Hiatus
I haven’t been very good lately. Left my project untouched for a couple of months. I hit a road block on my entity building, and my brain froze. That and I had some games to go through.
Prince of Persia: Pretty good, most critics say is far too easy, I say is fluid. I really liked the experience. The Epilogue bit has all the nagging issues of the old Prince of Persia Games that made them frustrating. It’s almost like they tried to make up for the fact that the game was “too” user friendly. The part that I liked. Specially after playing the nearly pixel perfect jumping and thoroughly convoluted experience that is Mirror’s Edge. Don’t get me wrong, it’s a great design and with lot’s of production value but it keeps forgetting why did it came to this world, and what the fun part of the game is “free running”. It’s almost like someone that wasn’t working directly on the project gone and said… hmm… you need more combat, more enemies, there isn’t enough frustration in the game.

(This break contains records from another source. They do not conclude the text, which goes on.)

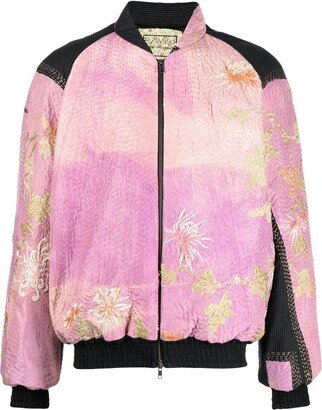 Otto embroidered bomber jacket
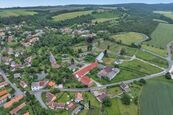 Prodej areálu s pozemky, výroba a skladování + bydlení + občanská vybavenost, 21 276 m2 - Podhořany , cena 9900000 CZK / objekt, nabízí 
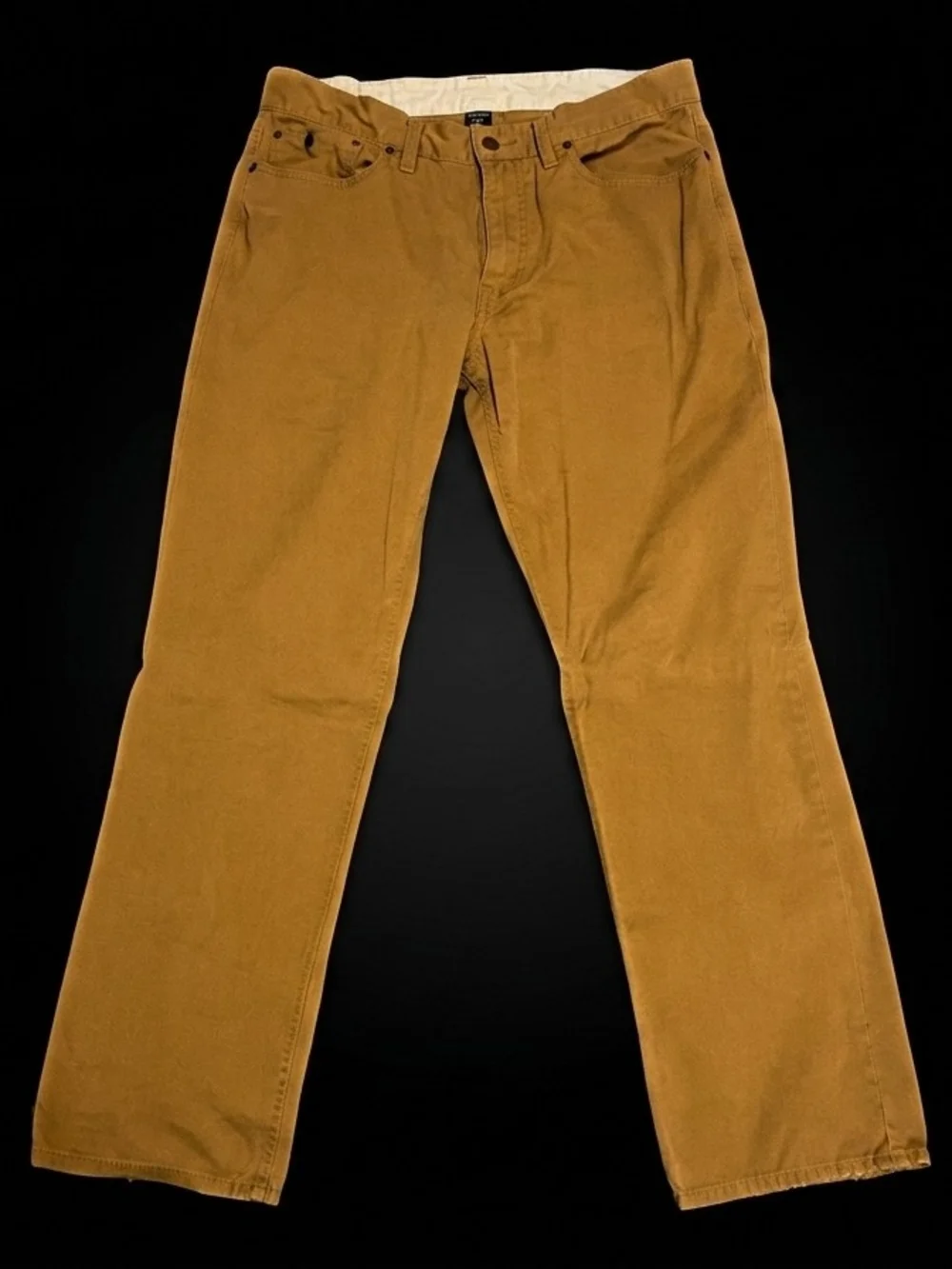 Ralph Lauren Polo Men's Cotton Pants in Caramel Brown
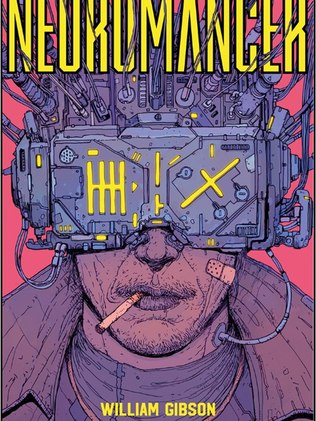 Capa do livro Neuromancer (William Gibson)
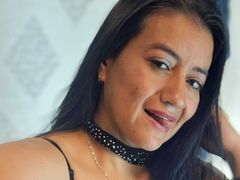 MariaSoler - female with black hair and  big tits webcam at LiveJasmin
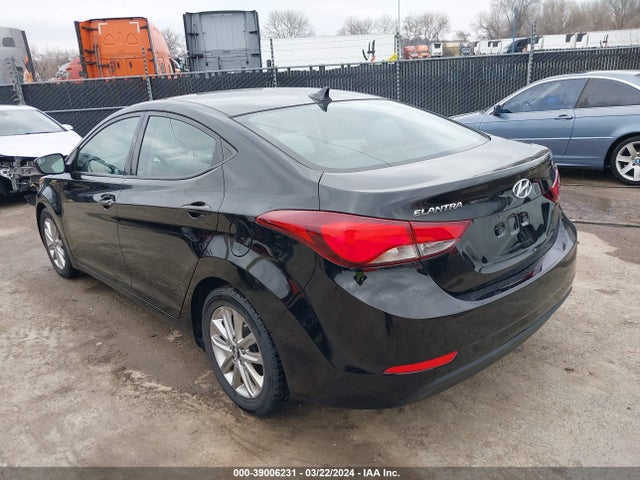 Hyundai ELANTRA SE 2014 5NPDH4AE1EH457843 Image 3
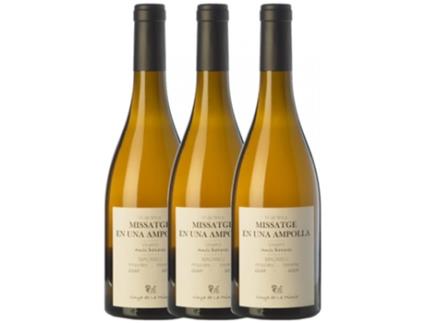 Vinho VINYA OCULTA Vinya Oculta Amós Bañeres Missatge En Una Ampolla Macabeo Penedès (0.75 L - 3 unidades)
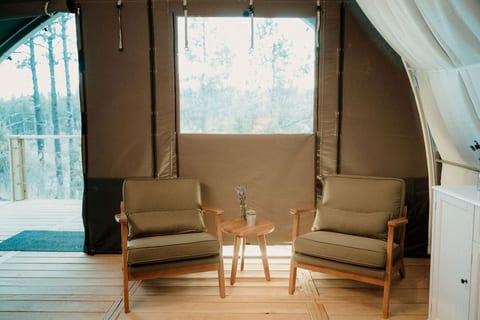 Glamping Escape at Manzano Mountain Retreat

Dead Space: I decided that I had “cojones” and chose to play it on Hard from the start, just like I did with Gears of War 2, Halo 3, Bioshock and some other FPS. Damn! Dead Space is hard. Hard and scary, Yatzee forgive me but he is probably suffered from horror desensitization or something. This game scares the crap out of me and I found myself too stressed out to carry on playing. When I come back I will probably put the difficult down… maybe…I want those extra achievements.
And that brings me to the last one, which probably should require a post of it’s own.
Banjo-Kazooie: Nuts & Bolts by my fellow colleagues at Rare: God what a fantastic game! Though you really need to spend more than five hours on it to start enjoying it. It is a meta-linguistic-piece-of-art-of-a-game if ever there was one.
“Hero Klungo Sssavesss Teh World” is the work of a genius.
I know the whole “Are games art?” malarkey depends on a very subjective point of view, and what is your personal conception of art, and blah, blah, blah... and for most it’s not even worth discussing, but in my opinion, that little “fake” 8-bit platformer touches so many subjects with such subtlety that it can’t be just out of pure luck, it’s true genius. It’s like the game is an very tongue-in-cheek interactive statement about everything that was wrong with pixel-perfect platformers, while touching subjects of game programming, art, design, production, and the whole game development process. It may be that you may need to be a hardcore gamer or actually work in the games industry to get the humour of it. It’s a piece of art directed to a niche, but a piece of art nonetheless.